O debate sobre o suposto "racismo reverso"

• Racismo reverso existe? A discussão sobre ele, que seria uma espécie de discriminação contra pessoas brancas, reuniu 7,2% das conversas totais;
• A maioria, quase metade (48,2%), ironizou acusações ou desaprovou alegações de racismo reverso, como exemplificado nesse relato: “Nunca sofri racismo! Nenhuma pessoa branca sofreu, sofre ou sofrerá racismo.”.
Outros 27,3% alegaram ter sofrido racismo reverso em algum momento da vida. Para se ter dimensão do volume do debate dessa pauta, a categoria ‘racismo reverso’ foi a 5ª categoria mais recorrente no estudo entre as 14.

Análise de clusters

Grafo de clusters
O grafo de clusters acima mostra como as camadas do racismo relatado no estudo estão integradas. Podemos observar uma aglutinação próxima à rede de ‘sofri racismo na escola’ em que se junta o nó de ‘racismo na infância’ e nós de aspectos relacionados a consequências da discriminação racial, como ‘sofri racismo por causa do cabelo’. Pelo grafo, o nó ‘sofri racismo muitas vezes’ também se liga à rede da escola.

Ações tomadas contra o racismo

• Um dado que chama atenção é o de ações tomadas contra o racismo. Nessa categoria, que compreende 1,3% das opiniões do estudo, há relatos de pessoas que fizeram denúncia contra a discriminação sofrida;
• Destas denúncias, cerca de 76% alegaram que não houve prosseguimento ou punição aos envolvidos;
• Outros 19% afirmaram ter denunciado o ato racista e sofreram consequências, como nesse exemplo de ação tomada no ambiente do trabalho: “na segunda falei pra minha chefe sobre racismo que sofri no lugar e na sexta fui demitida.”.

Racismo na escola

• Cerca de 5% de todas as menções do estudo relataram ter sofrido racismo na escola. A tarefa mais difícil da escola é não sofrer racismo de colegas e professores;
• Segundo as conversas observadas no estudo, a escola é um local onde o racismo é vivenciado com frequência e, muitas vezes, é o primeiro contato com discriminações raciais;
• Atos racistas vêm principalmente de colegas e professores;
• Exemplo: “sofri mt racismo na escola tipo a situação era escrachada ja me chamaram de favelado de merda, ja gritaram volta pra senzala pra mim, ja apanhei.”
Quando o assunto é racismo na faculdade/universidade, os relatos caem para menos de 1% do total.
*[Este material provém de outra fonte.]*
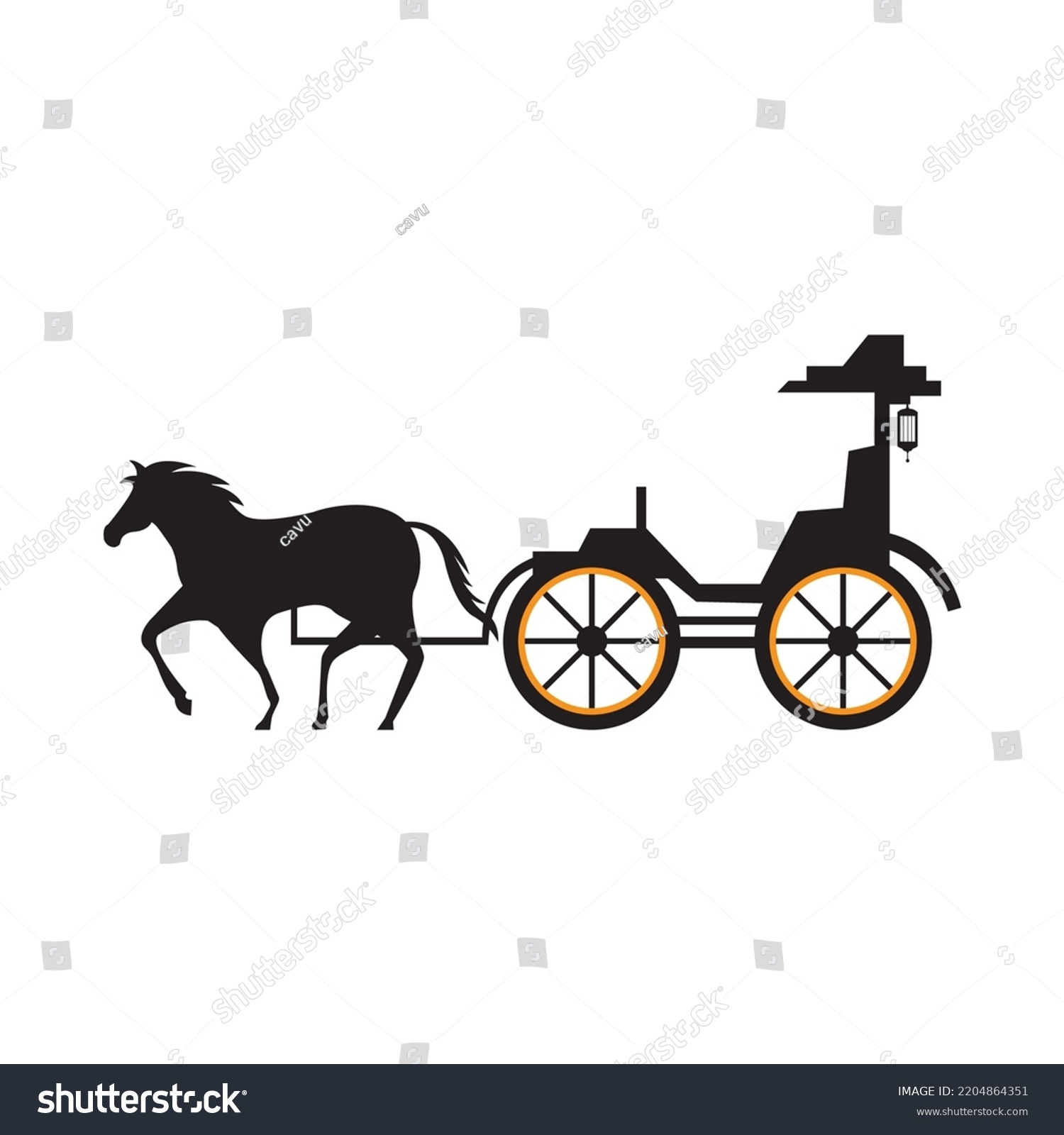 Horse Carriage Illustration Vector Clipart Design Stock Vector (Royalty ...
Racismo no trabalho e em outros ambientes privados

• Outros 5% de todos os tweets do estudo relataram episódios de racismo no trabalho. Chefes e clientes são os agentes mais recorrentes.
• Em relação a estabelecimentos comerciais, os lugares nos quais houveram mais relatos de episódios de racismo são lojas/shopping (57% das citações de estabelecimentos), supermercados (11%) e bancos (7%). A categoria ‘racismo em estabelecimentos comerciais’ representa 4,1% do total observado no estudo.
• Exemplo: “em 2019 eu fui vítima de racismo com um ex-chefe. sempre falo sobre isso porque me marcou muito e de alguma forma fez virar uma chavinha dentro de mim.”.

Racismo online

• A discriminação racial também ocorre nas redes sociais e aplicativos de relacionamento, representando cerca de 2% dos relatos;
• Exemplo: Caso em que a usuária opta por usar uma foto “falsa” de perfil no Twitter: “Amg eu sou preta mesmo. Cabelo crespo. Eu usar essa foto é pra me preservar pq já sofri racismo e exposição aqui nessa rede.”.
• A exposição de episódios racistas nos games (jogos eletrônicos) representa 3,4% do total. Na categoria ‘Racismo nos games’, houve menção a alguns games populares entre jovens, como League of Legend (15% das menções relacionadas a jogos), Valorant (15%) e Counter Strike (4,5%).